### RECORDS SUPPLIED
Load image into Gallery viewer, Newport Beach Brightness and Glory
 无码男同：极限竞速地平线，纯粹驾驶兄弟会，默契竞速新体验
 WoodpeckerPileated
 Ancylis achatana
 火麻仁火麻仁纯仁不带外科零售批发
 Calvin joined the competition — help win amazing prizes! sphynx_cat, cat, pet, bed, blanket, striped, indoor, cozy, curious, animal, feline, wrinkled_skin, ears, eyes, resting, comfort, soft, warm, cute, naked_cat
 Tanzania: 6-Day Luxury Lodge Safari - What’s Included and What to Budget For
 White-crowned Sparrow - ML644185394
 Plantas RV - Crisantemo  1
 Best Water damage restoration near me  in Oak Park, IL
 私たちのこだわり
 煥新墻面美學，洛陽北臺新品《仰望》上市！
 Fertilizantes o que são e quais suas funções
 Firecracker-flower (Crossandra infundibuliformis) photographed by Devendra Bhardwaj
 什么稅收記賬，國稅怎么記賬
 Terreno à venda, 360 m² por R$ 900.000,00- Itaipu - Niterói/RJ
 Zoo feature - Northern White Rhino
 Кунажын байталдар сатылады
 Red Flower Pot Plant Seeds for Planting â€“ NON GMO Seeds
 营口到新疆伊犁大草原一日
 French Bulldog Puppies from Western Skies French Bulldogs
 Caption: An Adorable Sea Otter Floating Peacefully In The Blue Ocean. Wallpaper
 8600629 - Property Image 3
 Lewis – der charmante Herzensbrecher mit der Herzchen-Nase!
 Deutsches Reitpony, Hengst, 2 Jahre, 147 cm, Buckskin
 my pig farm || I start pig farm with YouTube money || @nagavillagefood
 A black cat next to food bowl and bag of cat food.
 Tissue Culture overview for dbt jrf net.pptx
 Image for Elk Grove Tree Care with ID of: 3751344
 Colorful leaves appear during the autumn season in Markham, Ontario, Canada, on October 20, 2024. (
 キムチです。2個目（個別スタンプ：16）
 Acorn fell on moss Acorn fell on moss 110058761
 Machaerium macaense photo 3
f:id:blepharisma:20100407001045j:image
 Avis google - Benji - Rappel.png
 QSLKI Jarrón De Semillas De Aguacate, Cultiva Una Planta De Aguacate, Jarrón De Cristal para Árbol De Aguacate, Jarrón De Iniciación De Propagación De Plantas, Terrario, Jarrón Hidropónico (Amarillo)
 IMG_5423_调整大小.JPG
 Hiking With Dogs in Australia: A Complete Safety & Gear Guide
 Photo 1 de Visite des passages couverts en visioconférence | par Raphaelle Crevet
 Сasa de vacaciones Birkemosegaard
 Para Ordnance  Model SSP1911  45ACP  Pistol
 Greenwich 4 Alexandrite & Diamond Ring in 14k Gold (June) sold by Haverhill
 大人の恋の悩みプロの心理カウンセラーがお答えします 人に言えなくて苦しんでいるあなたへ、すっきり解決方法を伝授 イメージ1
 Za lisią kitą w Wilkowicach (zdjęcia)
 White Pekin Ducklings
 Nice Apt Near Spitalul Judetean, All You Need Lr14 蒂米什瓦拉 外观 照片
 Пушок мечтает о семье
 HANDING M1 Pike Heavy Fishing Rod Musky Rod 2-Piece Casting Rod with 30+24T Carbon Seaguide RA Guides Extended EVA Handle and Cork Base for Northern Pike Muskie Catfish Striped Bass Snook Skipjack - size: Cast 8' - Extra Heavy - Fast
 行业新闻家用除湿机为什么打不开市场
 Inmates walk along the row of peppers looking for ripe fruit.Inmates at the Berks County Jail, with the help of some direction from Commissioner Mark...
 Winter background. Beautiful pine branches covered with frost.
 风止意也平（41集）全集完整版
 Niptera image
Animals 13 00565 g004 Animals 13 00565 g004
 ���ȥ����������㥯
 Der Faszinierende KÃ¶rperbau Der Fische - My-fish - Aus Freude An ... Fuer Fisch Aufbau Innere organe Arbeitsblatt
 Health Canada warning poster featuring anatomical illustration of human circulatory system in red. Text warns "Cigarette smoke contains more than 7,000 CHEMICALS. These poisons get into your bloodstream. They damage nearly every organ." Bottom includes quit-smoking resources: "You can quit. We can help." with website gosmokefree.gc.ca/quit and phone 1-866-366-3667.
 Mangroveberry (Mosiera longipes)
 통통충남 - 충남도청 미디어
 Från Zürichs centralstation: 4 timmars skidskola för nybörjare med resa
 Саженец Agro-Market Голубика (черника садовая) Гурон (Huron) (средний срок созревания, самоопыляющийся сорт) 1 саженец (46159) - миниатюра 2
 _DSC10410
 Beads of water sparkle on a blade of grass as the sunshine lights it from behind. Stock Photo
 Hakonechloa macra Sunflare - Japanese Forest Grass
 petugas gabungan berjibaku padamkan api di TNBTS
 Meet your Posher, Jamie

### THE PROBLEM
Tell how many lines of the records above hold "from", giving the number and nothing else.

### EXERCISE ANSWER
3